Veronika Schöpf: Mathematikerin und Hirnforscherin.

Foto: A. Bartl

Das Perfide am Geruchssinn ist, dass er so schwer zu fassen ist. Obwohl wir 20 Prozent unserer Umwelt über die Nase wahrnehmen, sind wir uns dessen meist nur dann bewusst, wenn wir besonders intensiven Gerüchen begegnen. Die olfaktorische Wahrnehmung ist zudem äußerst flüchtig: "Das sensorische System adaptiert sich total schnell", sagt Veronika Schöpf. "Wenn man auf eine grausige Toilette geht, nimmt man bereits nach 16 Sekunden den Gestank nicht mehr wahr, weil keine neuen Geruchsmoleküle an den Rezeptoren andocken können."

Dieser im Alltag dankbare Mechanismus macht der Gehirnforscherin zu schaffen: Sie arbeitet an Verfahren, um der Geruchswahrnehmung im Gehirn auf die Spur zu kommen, bevor sie sozusagen wieder verduftet ist. Dazu bedient sich Veronika Schöpf der funktionellen Magnetresonanztomografie (fMRT). Das ist ein bildgebendes Verfahren, das die Darstellung von Gehirnaktivitäten erlaubt. Mit mathematischen Methoden versucht sie, aus den Bildern die richtigen Informationen herauszufiltern.
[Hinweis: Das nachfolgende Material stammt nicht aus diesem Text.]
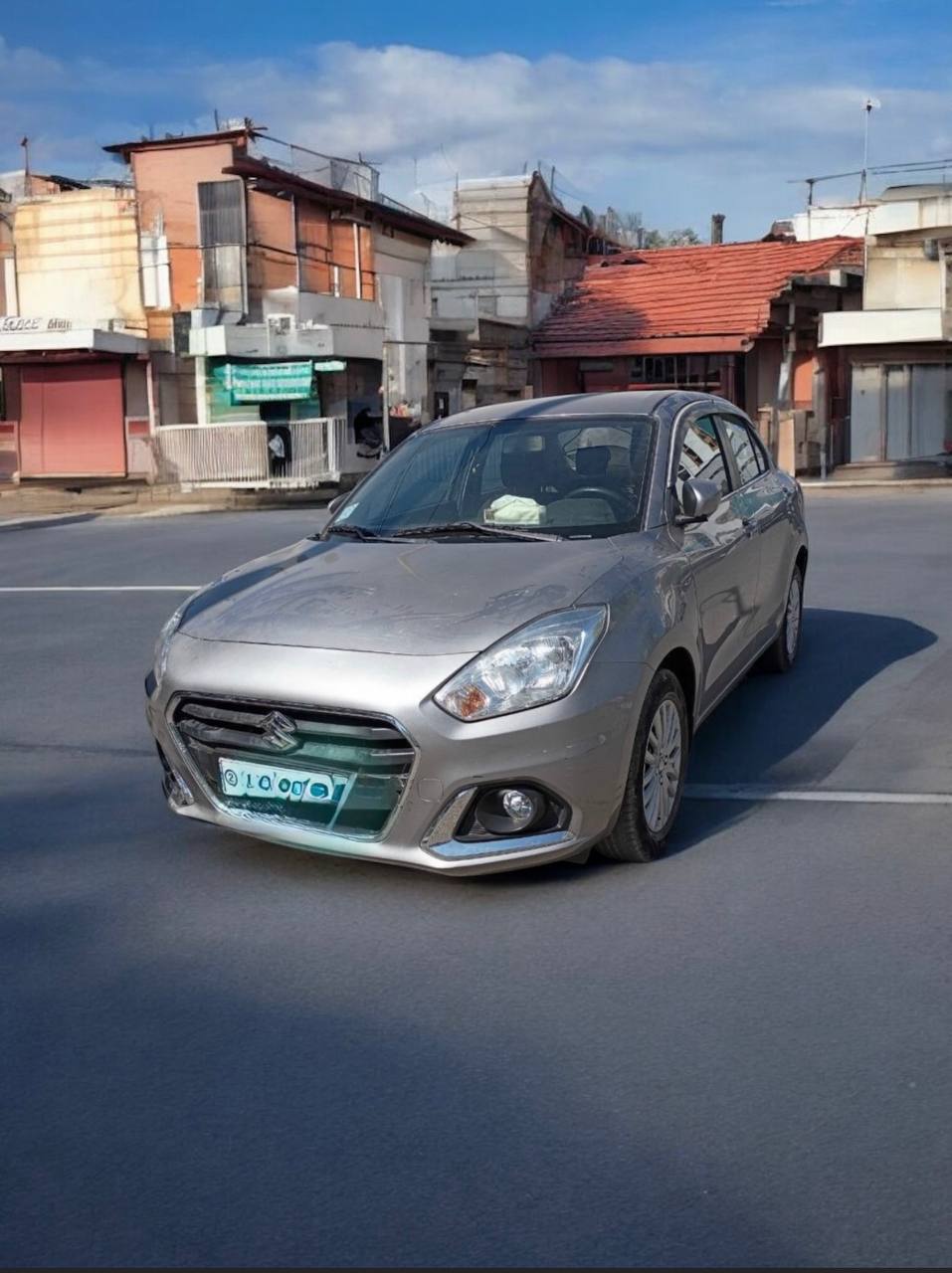 2022 Suzuki Dzire parked on a city street, showcasing its sleek design and factory saddle brown color.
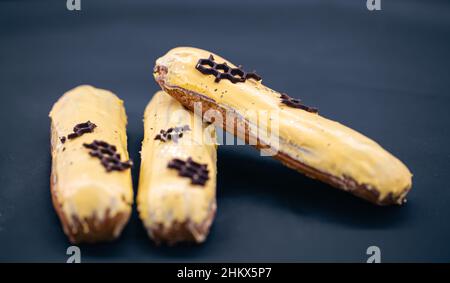 Close-up of eclairs in yellow glaze on a black background. Stock Photo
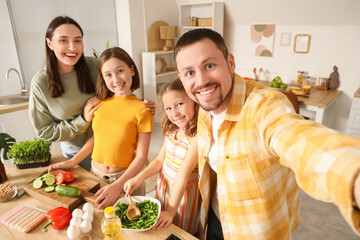 Happy parents with their daughters taking selfie while cooking in kitchen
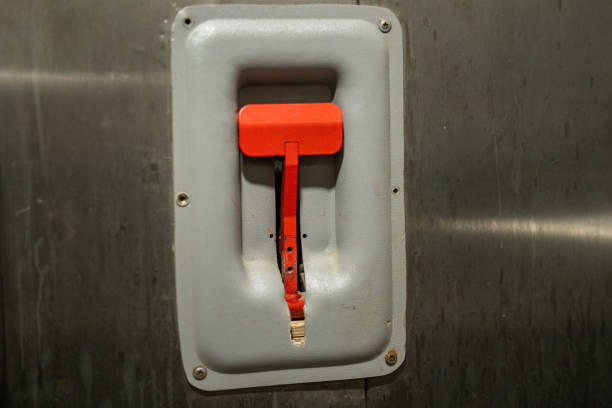 striking red emergency lever stands out against a grimy wall, symbolizing urgency amidst neglect. Its vibrant color contrasts the surrounding decay, evoking a sense of impending action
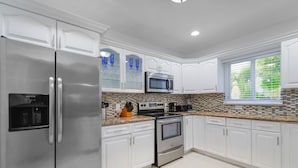 A modern kitchen with white cabinets, stainless steel appliances, and a tiled backsplash. - Upper East Side - Miami Home - We Host (Miami)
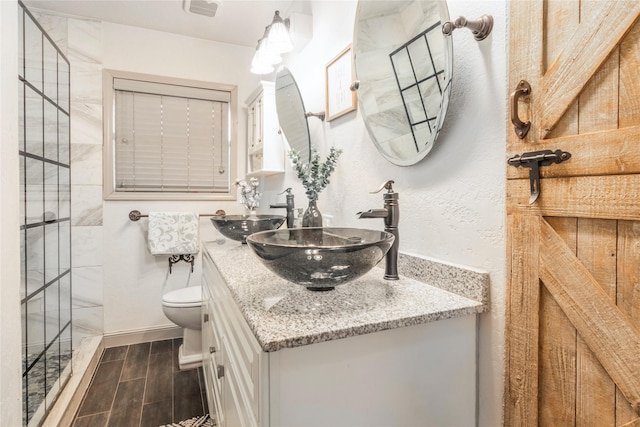 bathroom featuring wood tiled floor, toilet, double vanity, and a sink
"Ich suche in Daten nach der Wahrheit - ohne im Vorhinein eine Hypothese zu haben, wie es funktioniert", beschreibt Schöpf ihren Ansatz. Die 29-jährige Wissenschafterin an der Abteilung für Neuroradiologie der Medizinischen Universität Wien wurde im Juli von der Femtech-Initiative des Verkehrsministeriums zur Expertin des Monats gekürt.

In einem aktuellen, vom Wissenschaftsfonds FWF finanzierten Projekt beschäftigt sich Schöpf mit Anosmie, einer neuronalen Krankheit, die den Verlust des Geruchssinnes bezeichnet. "Es hat sich gezeigt, dass Patienten mit speziellem Riechtraining Teile der Geruchswahrnehmung wiedererlangen können", erklärt Schöpf. "Wir untersuchen, was dabei im Gehirn passiert, um die Therapie zu verbessern."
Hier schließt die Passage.